▶ [Exercise goal]: In the entries that follow, the lines from the line containing "Instrucciones de montaje (767668)" up to and including the line containing "black-tourmaline-stud-earring-bls-re-11" must be copied exactly, with pictures omitted.

*** Dataset entries ***

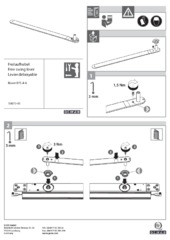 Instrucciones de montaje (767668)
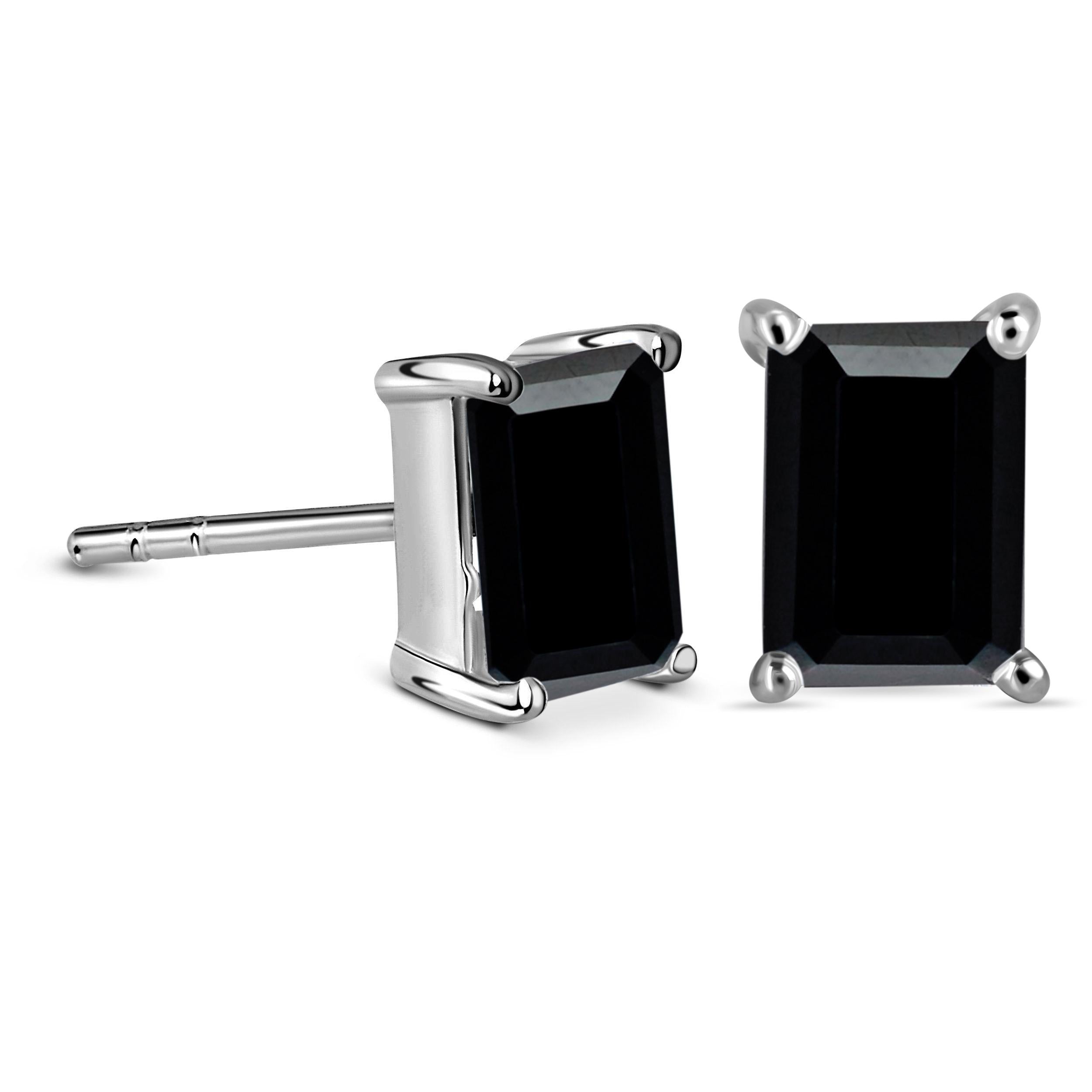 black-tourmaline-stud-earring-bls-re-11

*** End of Dataset entries ***
*** Dataset entries ***

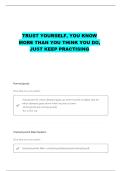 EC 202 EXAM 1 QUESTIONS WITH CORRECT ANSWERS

*** End of Dataset entries ***

▶ [The completed task]:
 Instrucciones de montaje (767668)
 black-tourmaline-stud-earring-bls-re-11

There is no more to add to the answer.